Vivian Okono, the Director, Mines and Environmental Compliance Department, MMSD, disclosed this in an interview with the News Agency of Nigeria on Thursday in Abuja.
Mrs Okono said that the abandoned mine sites were reclaimed due to the hazard they posed to the communities, adding that six more sites would be reclaimed in 2022.
She said that five sites were reclaimed in 2020 and six in 2021.
“Six sites will be reclaimed this year, the beneficiary states are, Osun, Ebonyi, Bauchi, Plateau and Nasarawa states,” she said.
She said that before the 2007 Mineral and Mining Act was enacted, mining activities were being conducted indiscriminately, mine pits were abandoned and they posed high risks to the communities.
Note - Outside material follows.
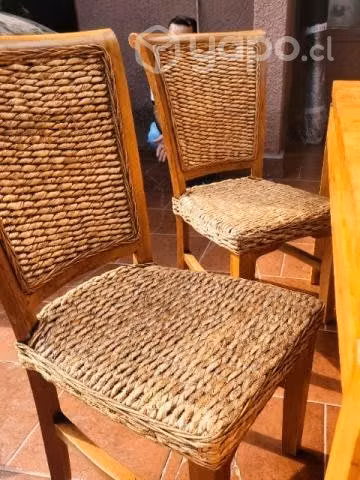 Comedor para interior o terraza rattan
She said that the enactment of the 2007 mineral and mining act stipulated that abandoned mine sites in the country should be reclaimed.
Recall that the abandoned mine sites were generated during the colonial era when there were no laws backing mining operations in Nigeria.
“Before the mineral and mining act was enacted, mining was conducted indiscriminately without any regard for the environment, they mined and left the pits without covering them.
“Section 121 of the act stipulated that abandoned mine sites should be reclaimed.
“It emphasised that every mining titleholder must set aside five per cent of the total cost of its investment for reclamation in case he failed to reclaim the site after mining.
“The five per cent is domiciled with the CBN, the ministry collects the money to reclaim the site but in case the mining investor reclaims the site after its mining activity is completed, then he gets the money back,” Mrs Okono said.
She said that the department would commence sensitisation on water pollution, as some villagers collected water from the abandoned mine pit for cooking, drinking and irrigating their fruits and vegetables.
“Water from the abandoned mine pits have heavy metals such as iron, lead, mercury and using the water for consumption and irrigation can pose dangers to their health.
“We take sample of the water and even the sand around the abandoned mine sites to the laboratory for analysis.
“In case we discover heavy metals and the soil is also contaminated from the analysis result, we sensitise the villagers on the hazard.
“We have done many sensitisation in the affected states and we will continue to sensitise them,” she said.